If, say, I define data MyType = Cons1 String | Cons2 String Int, how is that different from defining data MyType = Cons1 String and then defining a function Cons2 :: String -> Int -> MyType? I understand that when declaring a constructor, you don’t actually specify what it “does”, but I’m having a hard time understanding the precise difference.
Your signature for cons2 (String -> Int -> MyType) suggests that jump from Cons1 to Cons2 without losing any info, akin to, say:
data Colour = RGB Int Int Int
| HSL Int Int Int -- Hue, Saturation, Luminosity
Is that correct?
In that case I would not use two constructors but just one, having helper functions to output specific representations (toRGB, toHSL :: Colour -> (Int, Int, Int).
Compare with another type like
data ChatMessage = IOT
| Handshake Int
| DirectMessage String
| ClientEnquiry Specs
⁝
where constructors carry different information, not just a different representation of the same data.

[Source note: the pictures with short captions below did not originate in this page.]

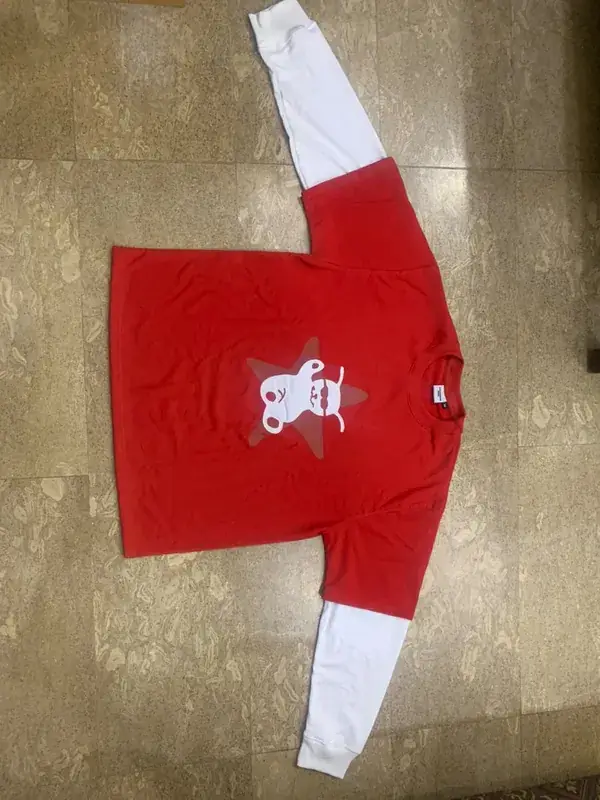 Custom long-sleeve raglan t-shirt, red and white, bear and star graphic print, flat lay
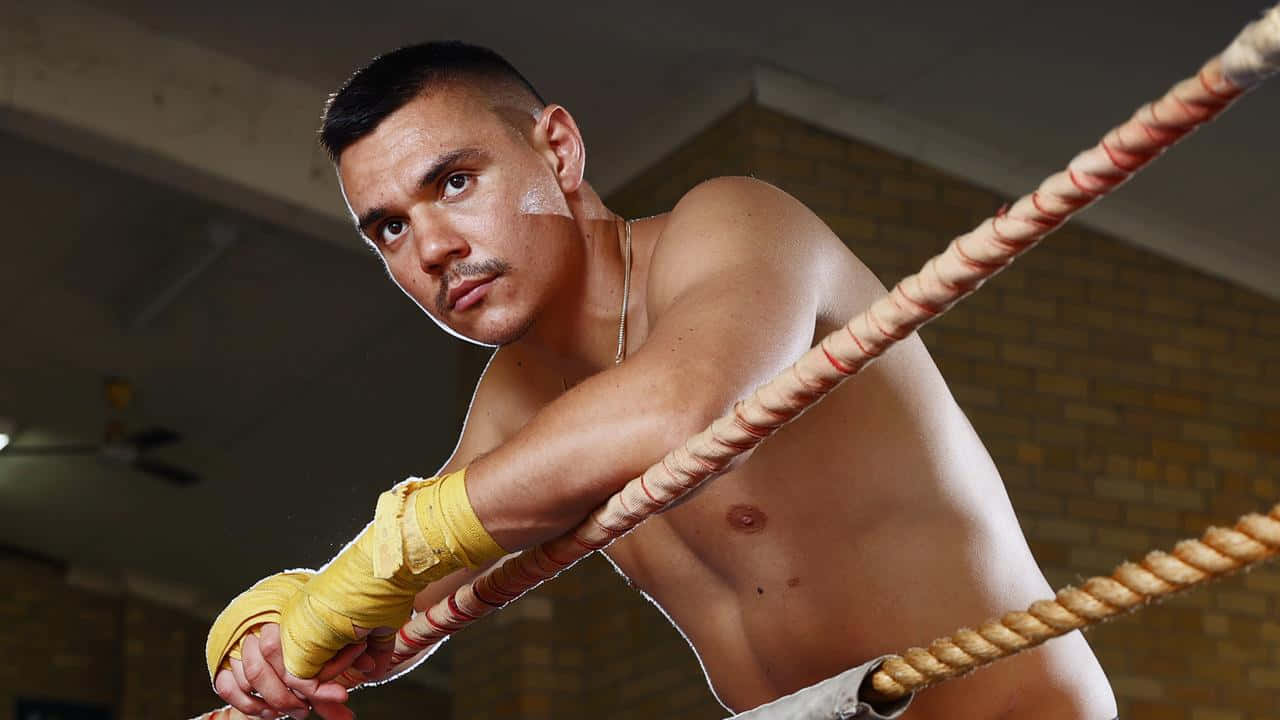 Tim Tszyu Posing With Boxing Gloves After A Victorious Match Wallpaper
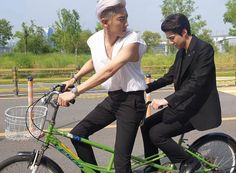 two young men riding bikes in the street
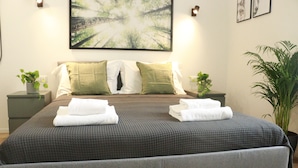 A neatly made bed with folded towels, a large abstract painting above it, and two potted plants on either side.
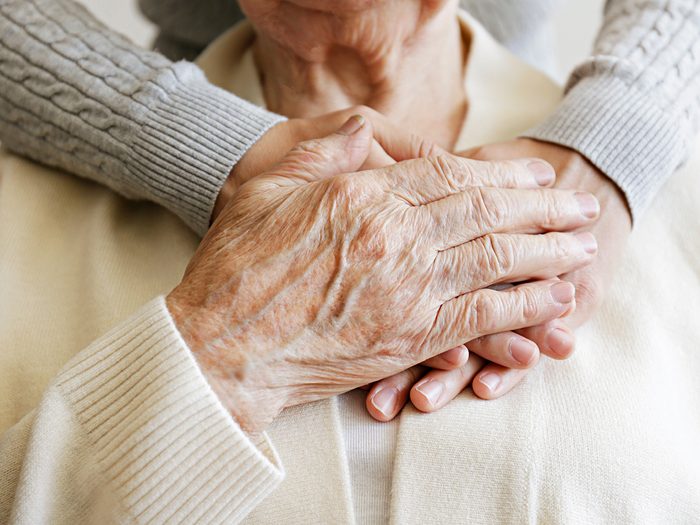 Caring for aging parents - hugging elderly woman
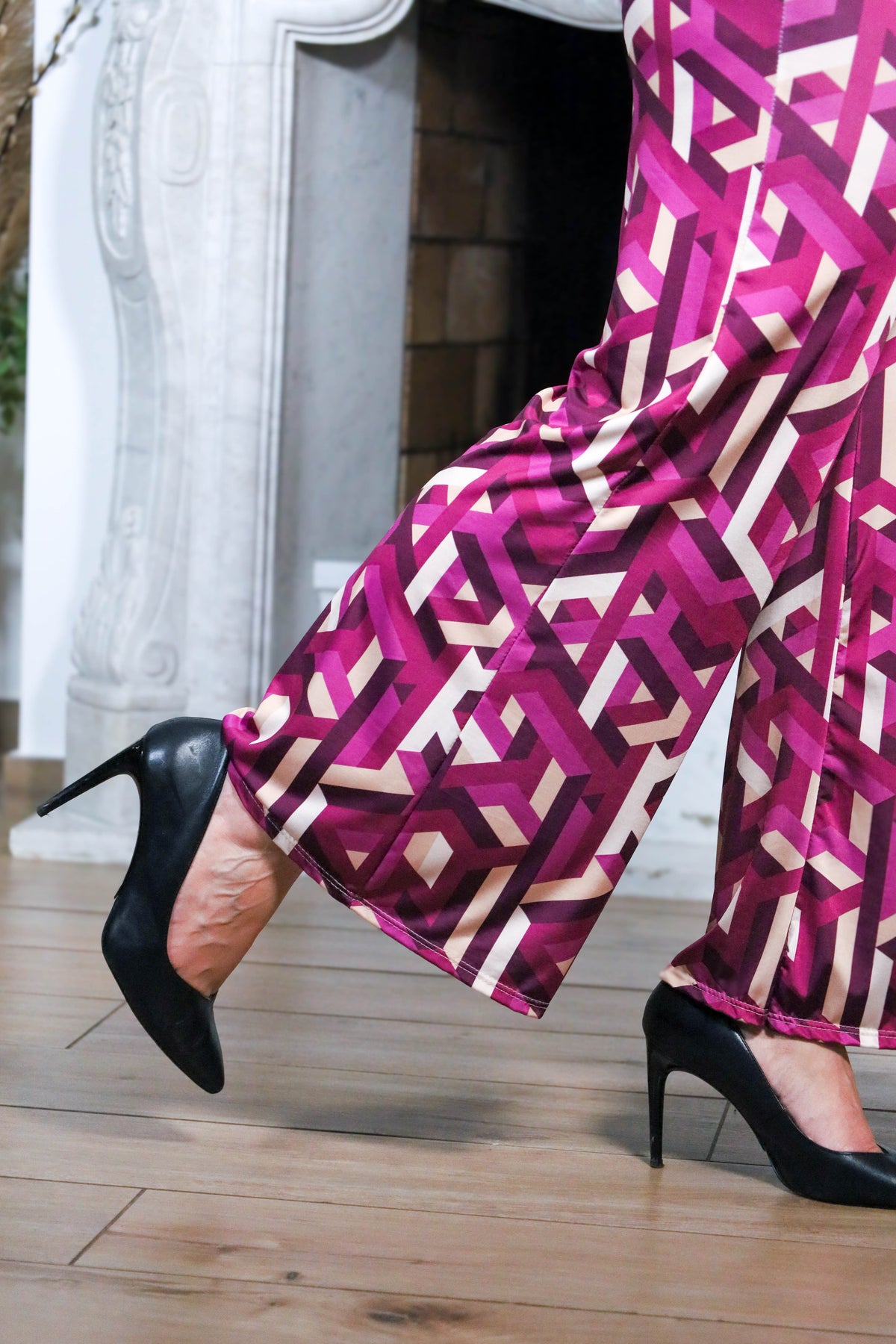 Close-up van een elegante broek met geometrische print in paarse en beige tinten, gedragen met zwarte hakken.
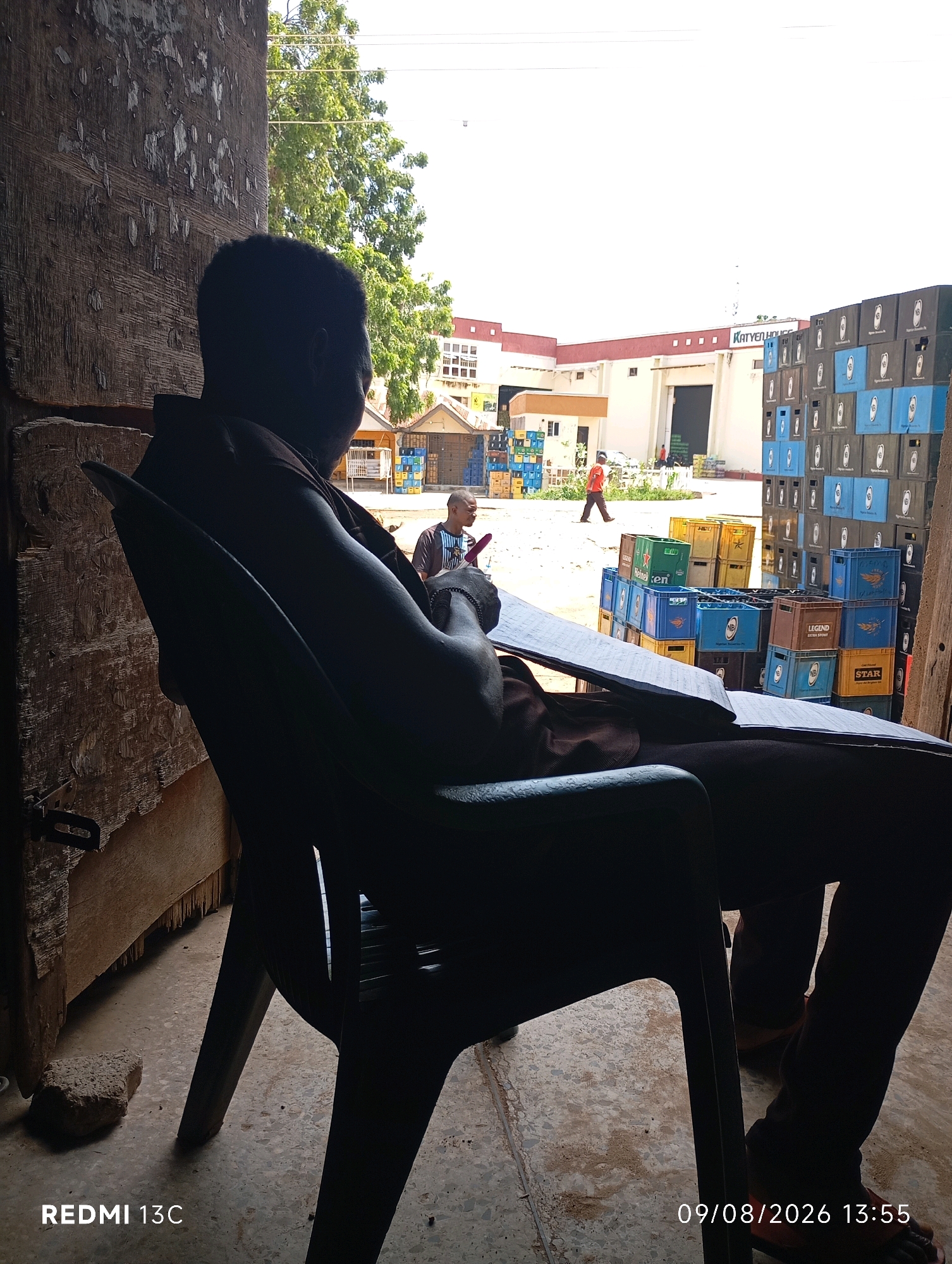 A person sits in a dark plastic chair, silhouetted against an open doorway looking out onto a street. The person is facing away from the camera, looking towards a building with a sign that reads "KATYEM HOUSE." To the right of the building are stacks of blue and black crates. In the foreground, on the ground, is a piece of concrete. The doorway appears to be made of rough, weathered wood. The floor is concrete. The time stamp on the image reads "09/08/2026 13:55."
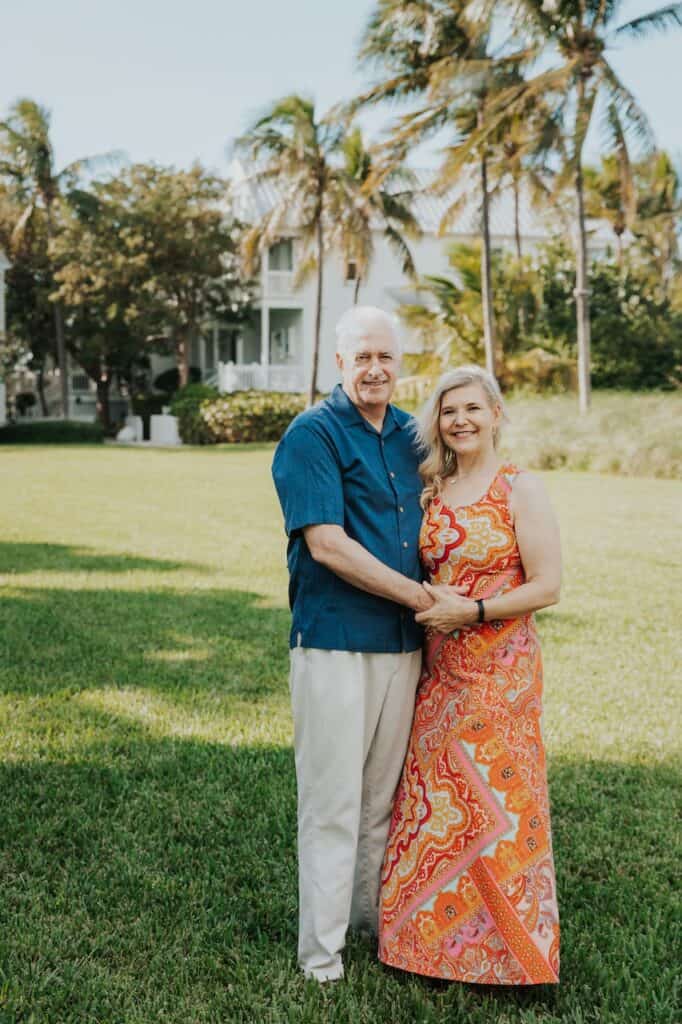 Catherine and Brian standing next to each other on a vibrant green lawn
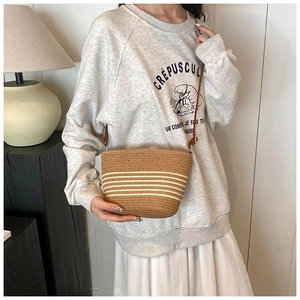 Handwoven straw crossbody bag with brown and white stripes for summer beach vacation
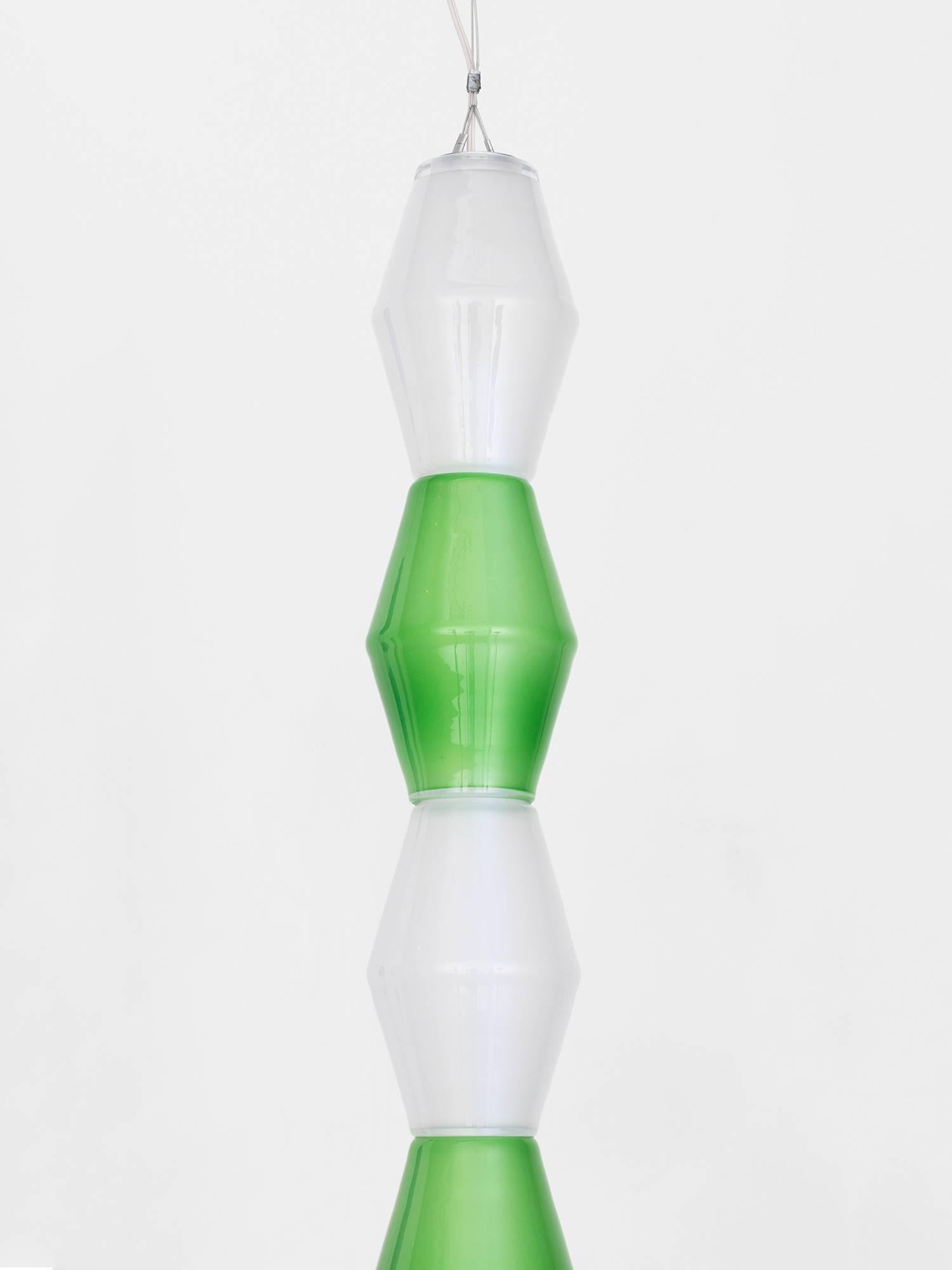 Suspension en verre totémique fabriquée à la main par l'artiste/architecte norvégien Tron Meyer. La lampe est composée de onze formes en verre vert et blanc enroulées autour d'un noyau de LED, qui ont été soufflées à la main dans un moule en bois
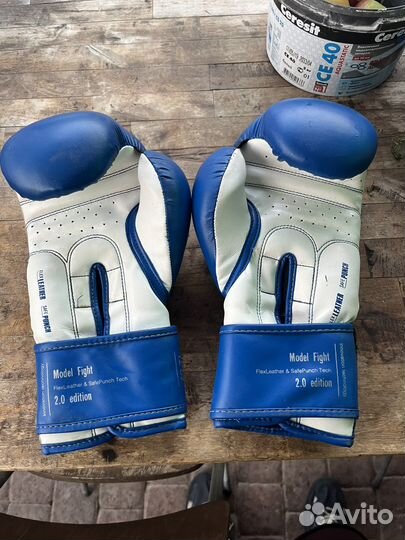 Боксерские перчатки 12 oz clinch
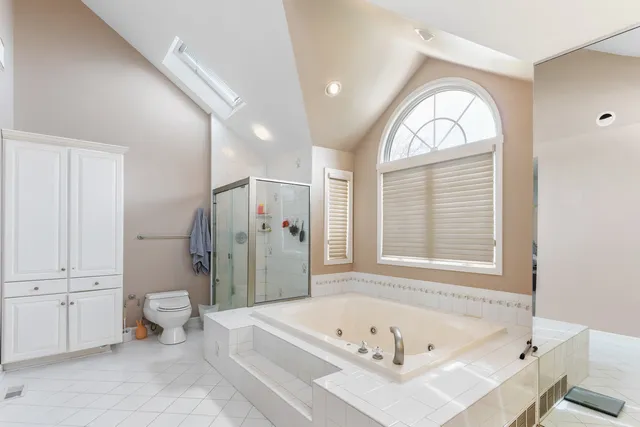 a bathroom with a tub a toilet and a sink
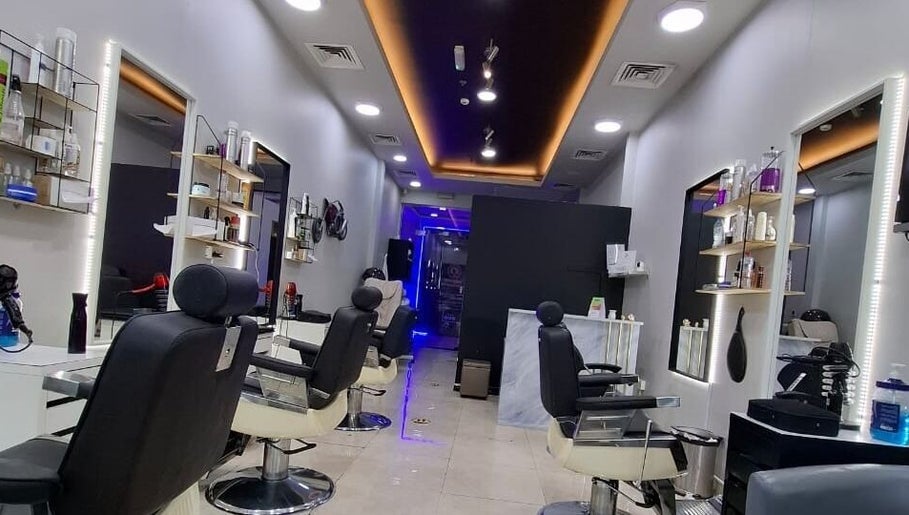 Modern styling chairs and sleek design at Sparkles N Charms Gents Salon, Dubai, AE.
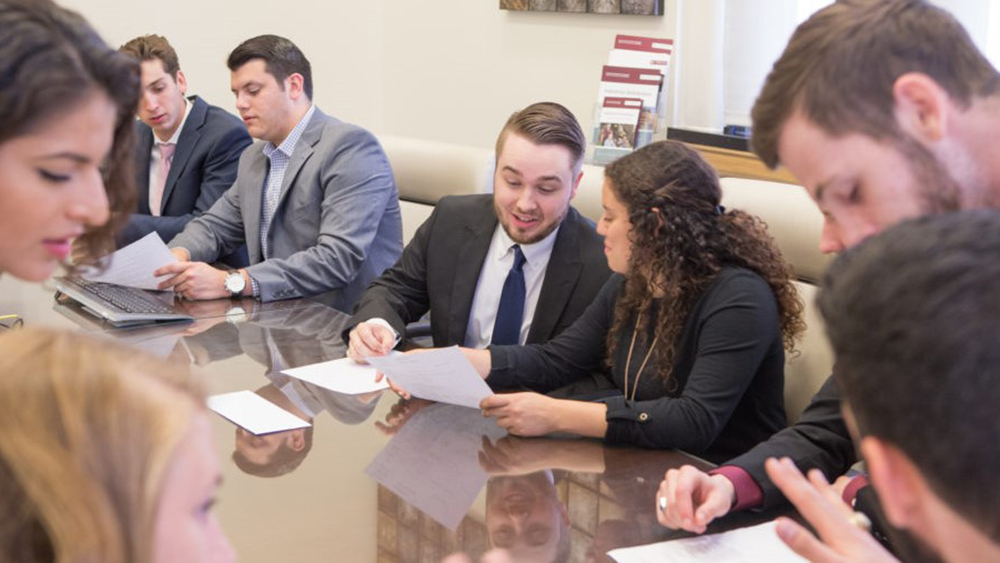 A group in professional attire sitting around a table speaking with one another.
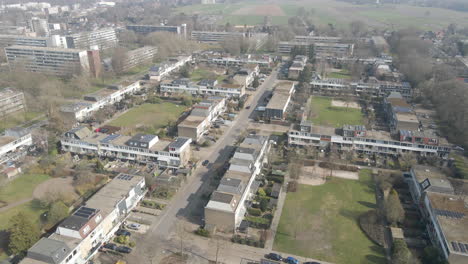 Aerial-of-peaceful-suburban-neighborhood-with-small-green-parks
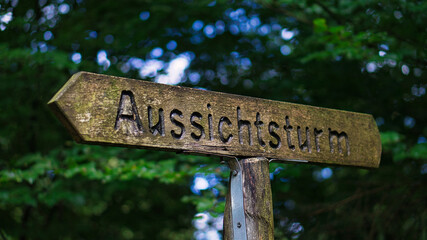 wood sign lookout tower. signpost in the right direction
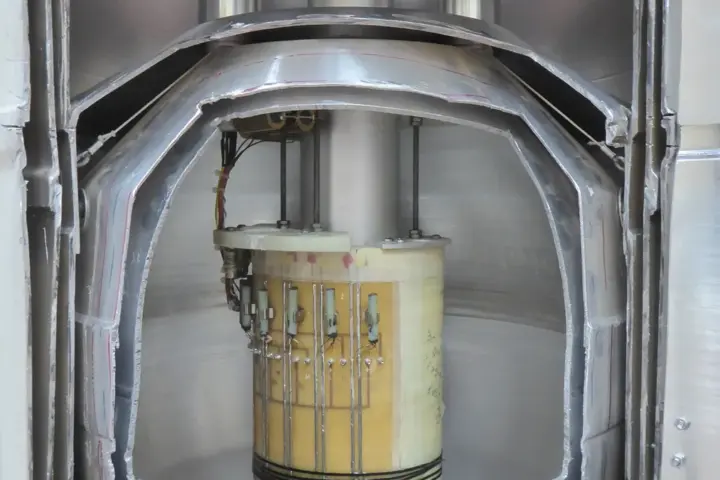 Cutaway view of a superconducting magnet and cryostat assembly used to trap and study charged particles
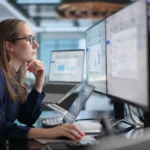 Analyst reviewing data across multiple screens.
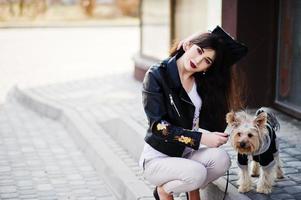 Brunette gypsy girl with yorkshire terrier dog posed against large windows house. Model wear on leather jacket and t-shirt with ornament, pants and shoes with high heels. photo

You’re correct that when you define data MyType = Cons1 String | Cons2 String Int, it does indeed create a constructor function that has the signature Cons2 :: String -> Int -> MyType (this can be verified in GHCi:
> data MyType = Cons1 String | Cons2 String Int
> :t Cons2
Cons2 :: String -> Int -> MyType
). But in order for MyType to behave as a data structure, you have to be able to “get the data back out” that you put into it. Cons2 as a data constructor has an additional property that a plain Cons2 function would not, which is that you can pattern match on it. Specifically, you can pattern match on a given MyType, and if that MyType was a Cons2, your pattern can extract both the original String and Int that you put into it. For example:
printMyType :: MyType -> String
printMyType (Cons1 str) = str
printMyType (Cons2 str i) = str ++ show i
Now if I say printMyType (Cons2 "saturn" 5), I’ll get back "saturn5" because I was able to use both the String data and the Int data that I put into it. Note that my definition of printMyType would not have compiled if MyType was setup like so:
data MyType = Cons1 String
Cons2 :: String -> Int -> MyType
Cons2 str i = ...
If I had used this setup, printMyType would only be allowed to have a branch for Cons1, and could only ever extract a single String value from a MyType. Cons2 wouldn’t be a valid case. Therefore any information about the Int that you “constructed” your MyType with would necessarily be lost.